春の映画まつり

今年度の暫定1位がこれ。
     
インド映画。ダンスは無いよ。レスリング選手として圧倒的な強さながら家が貧しく国も育成費を出してくれないのでオリンピックをあきらめた父親。自分の夢を子どもに託すが生まれたのが女の子。つぎこそはとあと3人作るがぜんぶ女。夢を捨ててしまった父親だったが、上の2人の娘が男の子と喧嘩をして男の子をボコボコにする。もしかしてと、二人をレスリング選手として鍛える。地元には女子の選手がいないので男の子と練習をして、男の子の大会に出場すると連戦連勝。地域の代表として女子の全国大会に出場するが、なにしろ男に負けてないので女に負けるはずがない。まずは姉が国の強化選手になりアカデミーに入学するが、父親から離れた開放感と、父親とはまったく違う指導法のコーチ。家に帰ると父親と反目する。心配する妹。妹も強化選手になり昔と変わってしまった姉に不安がいっぱい。姉は全国大会に出るが連戦連敗。
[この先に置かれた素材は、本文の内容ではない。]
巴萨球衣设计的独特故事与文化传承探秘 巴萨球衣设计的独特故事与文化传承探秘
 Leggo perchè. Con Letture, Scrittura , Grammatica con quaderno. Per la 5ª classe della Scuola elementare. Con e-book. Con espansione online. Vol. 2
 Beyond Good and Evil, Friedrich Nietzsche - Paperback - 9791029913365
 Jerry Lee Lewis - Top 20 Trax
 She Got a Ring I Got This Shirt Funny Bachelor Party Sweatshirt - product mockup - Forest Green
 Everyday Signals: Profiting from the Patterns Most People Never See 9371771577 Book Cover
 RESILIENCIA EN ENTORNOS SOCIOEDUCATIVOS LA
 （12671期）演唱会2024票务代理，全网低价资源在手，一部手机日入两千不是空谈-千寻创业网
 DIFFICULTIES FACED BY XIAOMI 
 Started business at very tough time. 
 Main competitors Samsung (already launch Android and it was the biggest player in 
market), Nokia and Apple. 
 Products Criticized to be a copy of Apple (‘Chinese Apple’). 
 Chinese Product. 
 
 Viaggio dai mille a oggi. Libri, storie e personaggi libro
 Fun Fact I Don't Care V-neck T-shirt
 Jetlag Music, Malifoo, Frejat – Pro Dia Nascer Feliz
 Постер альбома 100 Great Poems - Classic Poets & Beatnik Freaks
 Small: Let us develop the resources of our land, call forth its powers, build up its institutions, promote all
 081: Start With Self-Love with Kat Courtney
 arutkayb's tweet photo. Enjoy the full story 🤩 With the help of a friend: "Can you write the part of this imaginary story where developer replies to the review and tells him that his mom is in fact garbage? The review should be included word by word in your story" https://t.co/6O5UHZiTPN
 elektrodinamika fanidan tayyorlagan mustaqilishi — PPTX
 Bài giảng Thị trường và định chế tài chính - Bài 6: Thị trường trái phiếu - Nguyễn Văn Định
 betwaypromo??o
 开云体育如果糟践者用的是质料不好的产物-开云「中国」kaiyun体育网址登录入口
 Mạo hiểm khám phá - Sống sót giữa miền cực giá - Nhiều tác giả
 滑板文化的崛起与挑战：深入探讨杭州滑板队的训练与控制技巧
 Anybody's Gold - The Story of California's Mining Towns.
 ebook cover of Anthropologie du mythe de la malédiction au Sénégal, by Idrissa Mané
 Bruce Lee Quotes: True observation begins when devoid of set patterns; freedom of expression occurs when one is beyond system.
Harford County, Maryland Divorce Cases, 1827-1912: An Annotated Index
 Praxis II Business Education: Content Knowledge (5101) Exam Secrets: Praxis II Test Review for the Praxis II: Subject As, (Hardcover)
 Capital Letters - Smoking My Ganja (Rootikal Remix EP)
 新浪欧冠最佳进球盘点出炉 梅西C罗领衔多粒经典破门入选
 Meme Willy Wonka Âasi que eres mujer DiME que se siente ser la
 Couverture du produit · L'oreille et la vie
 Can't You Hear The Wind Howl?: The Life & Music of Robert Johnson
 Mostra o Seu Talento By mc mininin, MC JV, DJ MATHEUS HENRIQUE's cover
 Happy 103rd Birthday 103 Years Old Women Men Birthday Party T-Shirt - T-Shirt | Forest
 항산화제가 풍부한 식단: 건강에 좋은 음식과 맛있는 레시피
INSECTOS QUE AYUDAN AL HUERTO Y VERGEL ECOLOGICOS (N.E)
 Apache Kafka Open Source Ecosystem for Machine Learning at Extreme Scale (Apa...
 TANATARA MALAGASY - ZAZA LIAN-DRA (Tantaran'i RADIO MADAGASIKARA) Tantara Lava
妹が姉を諭す。お父さんに電話をしなさいと...なんだよ、このインド映画。無茶苦茶面白いぞ。父親はアカデミーのそばに下宿し、学校が終わってから姉妹を指導する。当然、コーチはよく思わない。だが復活した姉、連勝を続けてついに世界大会に出場する。これは実話なんだよね。エンドクレジットで姉妹の写真が出てきたよ。この星一徹ばりの父親、練習の邪魔だと娘の髪を短く切ってしまったり、子どもらしい遊びは一切なくて練習漬けの毎日。自分の夢を叶えるために娘を利用するひどい父親のように映るが、世界大会の決勝戦に進んだ姉に父親が言う。この国は女性の地位が低い。家事と育児しか期待されない。お前が金メダルを取れば、この国の少女たちに夢と希望を与えると。このお父さん、娘が女性では無く、一人の選手として自立することを考えていたんだね。もう泣いちゃうよ。決勝戦、1対1で迎えた最後のピリオド。相手は3大会優勝のオーストラリアの王者。4ポイントをリードされて残り時間は15秒。姉は思い出す。レスリングには5ポイントを取れる難易度が極めて高い大技があることを...プロレスのファンなら誰でも知ってるあの技だよ。たぶん、ここはフィクションだと思う。何度も出てくるレスリングのシーンが実に面白くてスリリング、美しくさえある。スポーツを題材にした映画って、実際の試合では不可能なカメラワークがあるでしょ。あと、金のかけ方が日本映画とは比べものにならない。去年に見た卓球の映画「ミックス。」の全国大会のショボさに比べて、こっちの世界大会は競技場の大きさ、エキストラの数とも圧倒的。いつのまにかすごいことになっていたインド映画に今後も注目だ。


     
都内で3館しか上映してなく、1日1回。そのせいか満員だったよ。東京から地方の中学校に転校した主人公。そこで壮絶ないじめに会う。ついには家に放火をされて両親は焼死、妹は全身やけどで生命維持装置につながれる。主人公の復讐が始まる...有名なコミックの実写化らしいが、コミックはどんな展開だったんだろう。登場人物の行動がいちいち極端で感情移入ができない。いじめっ子たちも不幸な家庭環境だったことはうっすらわかるが、それが放火までには結びつかない。主人公の復讐も毎回都合が良すぎてなんかなあという感じ。